Good point, especially when it comes to markets. You can have a lot of people acting in predictably irrational ways, and a few people who see an inefficiency and make large sums of money off of it, and the net result is a quite rational market.
Average of large number of functions that look nothing like U has little reason to look much like U. The fact that something like U turns out repetitively needs an explanation.
It’s true that usually only a small portion of human behaviour is usually modeled at time, but utility maximization is composable, so you can take every single domain where utility maximization works, and compose it into one big utility maximization model—mathematically it should work (with some standard assumptions about types of error we have in small domain models, assumptions which might be false).
utility maximization is composable, so you can take every single domain where utility maximization works, and compose it into one big utility maximization model—mathematically it should work (with some standard assumptions about types of error we have in small domain models, assumptions which might be false).

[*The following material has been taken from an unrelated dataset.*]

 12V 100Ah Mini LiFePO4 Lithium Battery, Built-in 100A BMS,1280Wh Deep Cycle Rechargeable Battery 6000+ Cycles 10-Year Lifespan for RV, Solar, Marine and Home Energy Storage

Sure! I don’t doubt this at all. I’m not saying that you cannot in principle build some humongous utility function that is a justifiable fit to what I, a particular human, want. BUT the point is that it isn’t feasible in practise—hence my statement in the original post:
I will claim that trying to run your life based upon expected utility maximization is not a good idea
What I was trying to do was more trying to figure out rough approximation of my utility function descriptively, to see if any of my actions are extremely irrational—like wasting too much time/money on something I care about very little, or not spending some time/money on something I care about a lot.
OK, but then the question is how do you approximate a mathematical function from a set X to R, especially when your biggest problem is not being able to enumerate the elements of X? If you miss out most of the elements of X, then no possible assignment of numbers to those that you do include will constitute a good approximation to the function.
Approximation is likely to be a list of “I value event X relative to default state at Y utilons”, following economic tradition of focusing on the marginal. Skipping events from this list doesn’t affect comparisons between events on the list.
Next I look at utilons to costs ratios, and do more of things which result in events with high ratios, and less of things which result in events with low ratios.
By the way, as the function is marginal, value of money will be approximately linear, extra $100 is worth pretty much 100 times more than extra $1, it only breaks down on very large $s that significantly affect your net worth.
Aggregation wouldn’t really work unless utility function was a pretty decent approximation, and its errors were reasonably random.
I think that when economists say that
they mean “well we looked at the behaviour of 1000 people, and lo and behold, it fits this utility function U!”
each person individually could have preferences nothing like U. The average of {1,1,1,1,1,1,1,1,1,1000} is about 100, but no individual number is anywhere near 100.
Deviations from utilility maximization (i.e. irrationality) will likely cancel out en masse.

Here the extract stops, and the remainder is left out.